Ужас культа был ведь не только в обожествлении Сталина, в безграничнейшем его всевластии. Не менее жутким было повседневное и повсеместное внедрение в нашу жизнь самой этой культовой модели общественного функционирования: безоговорочное подчинение и поклонение — снизу; бесцеремонное попирание и вседозволенность — сверху. Модель была универсальной — на все случаи жизни и на все уровни власти. В каждой области, в каждом крае, районе, в каждом незначительном даже учреждении положено было иметь своего идола — руководителя, который с покорностью принимал сверху плевки и приказания, но за это ему позволялось в своей вотчине повелевать, вершить и возвещать истину. Но не только в плане административного деления, а и в плане разделения общественного труда положено было иметь утвержденные авторитеты. Каждая область науки и культуры должна была получить своего апробированного вождя. В сельскохозяйственной науке таким вождем был, например, пресловутый академик Лысенко, в живописи — академик Александр Герасимов. В литературе после смерти Горького таким официальным авторитетом с середины 30-х годов становится Федин. В театре, после смерти Станиславского самой подходящей фигурой на такое место был, без сомнения, Попов. Постепенно, может быть, даже незаметно для себя, он свыкался и примирялся с такой перспективой как с неизбежностью, иронически готовился занять свое место в созвездии отраслевых вождей — где-нибудь между Трофимом Денисовичем Лысенко и Любовью Орловой.
Но тут, немного неожиданно, исчез Сталин -— перестал существовать "великий вождь всех времен и народов". Смеркались один за другим ореолы вокруг его соратников, тихо пристрелили Берию, и мода на вождей прошла совсем. Порядки, заведенные при отце родном, потеряли определенность очертаний и обнаружили свою не предполагавшуюся ранее временность и преходящность. Назначенные при нем авторитеты зашатались, и канонизация Попова как-то сама собою отложилась на неопределенное время.
Наступила пауза в продвижении истории, и в этой паузе стали заметны некоторые странные черты в характере выдающегося режиссера. Черты эти были сугубо русские, органические, но для фигуры театрального вождя определенно нежелательные: недопустимая простота, неподходящая какая-то наивность и просто-напросто неудобная в обиходе начальствования честность. Но, главное, были в нем и совсем уж невозможные для крупного руководителя человеческие качества — скромность, совестливость и, подумать только, стыдливость. Свистящие эти слова забеспокоили высшие сферы и сферы перестали интересоваться Поповым, зачислили его в чудаки.
А Попов и сам к этому времени утратил интерес ко всяческим карьерным притязаниям. Как любой стареющий человек, он все больше и чаще стал думать о смысле земного бытия: о жизни вообще и о своей жизни — особенно.
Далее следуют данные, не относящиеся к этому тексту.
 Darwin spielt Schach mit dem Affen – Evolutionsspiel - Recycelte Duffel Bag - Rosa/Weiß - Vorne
А такие раздумья, как известно, ни к чему хорошему не приводят. Мастер затосковал. Бывало теперь часто: то задумается на несколько минут прямо посреди лекции; то, собравшись что-то важное сказать нам, откроет рот, но помолчав, махнет вдруг рукою и отпустит всех на перерыв; то совсем, совсем было собравшись уходить, в профессорской уже раздевалке, когда придет твоя очередь подать ему пальто, посмотрит на тебя внимательно и произнесет ни с того, ни с сего в пространство: "Да, наворочали мы дел... а расхлебывать вам придется". Как я любил его в такие минуты. Я готов был расхлебывать все, что придется, и сколько понадобится, лишь бы хоть ненадолго прервать его тоскливые раздумья, лишь бы посмотрел он на меня и улыбнулся. Но с улыбками тогда было у него не густо.
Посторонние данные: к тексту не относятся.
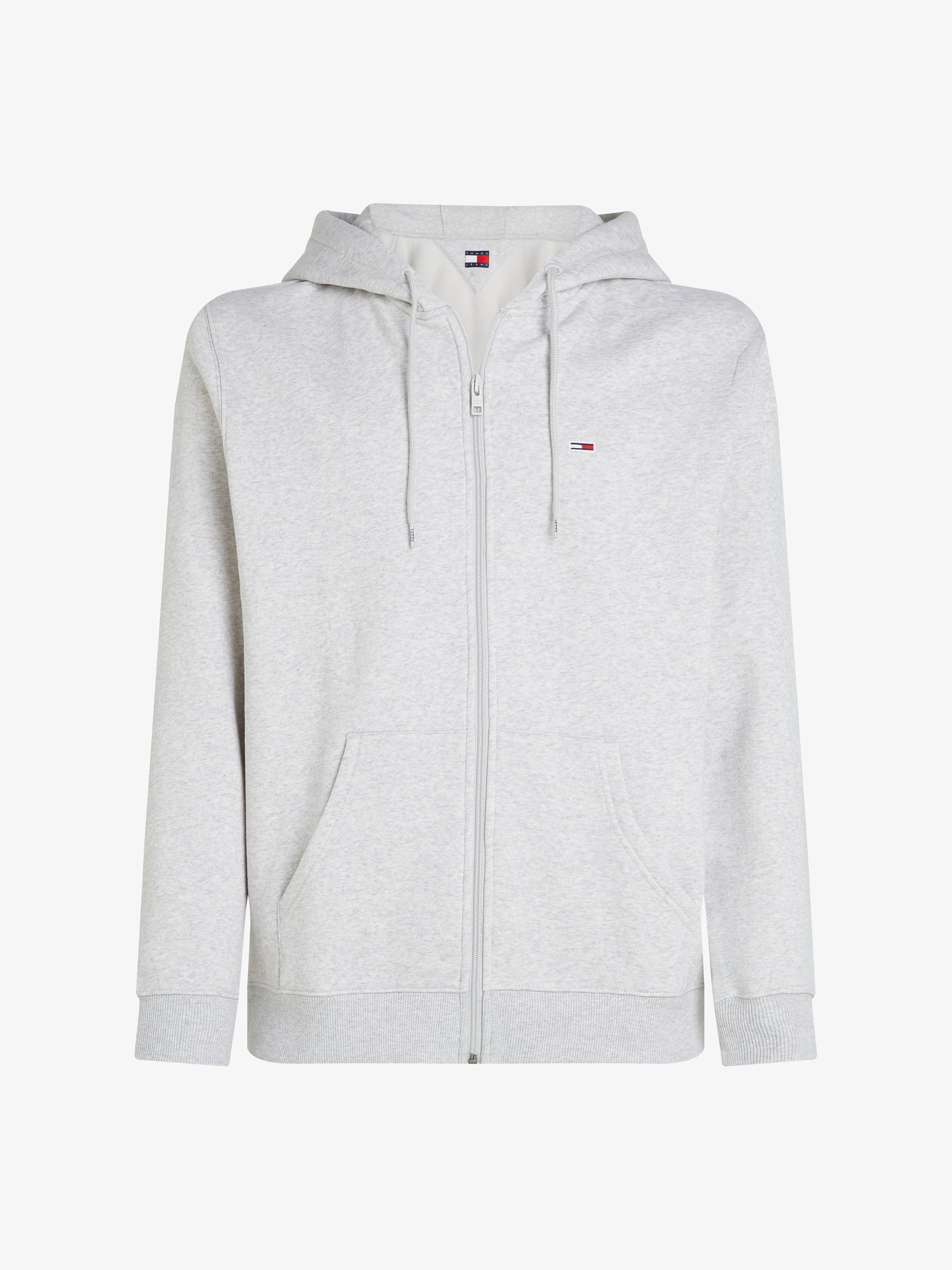 Felpa con cappuccio Tommy Jeans FLAG ZIP THRU - grigio argento mélange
Раздумья его были, наверное, мучительными, может быть, невыносимыми, потому что строг он был не только к другим, но и к себе. Судил себя, вероятно, молчаливым, но беспощадным судом, хотя, насколько мне известно, особой вины у него и не было. Он не писал тайных доносов, не клеймил никого и явно в громогласных газетных филиппиках; смешно сказать, но он в те страшные 30-е и 40-е годы не вступал даже "в ряды", хотя при его-то постах это было, можно предположить, весьма и весьма непросто (Алексей Дмитриевич Попов вступил в партию в 1954 году).
Потом, после XX съезда, его прорвало; всплыли наверх, выскочили, вырвались из глубины главные качества: бескомпромиссная цельность, откровенная прямота и знаменитое русское желание дойти до последней черты. Общий грех советского искусства перед народом, общую вину театра он бесстрашно воспринял как свой, личный грех, как свою личную виновность. И начал каяться.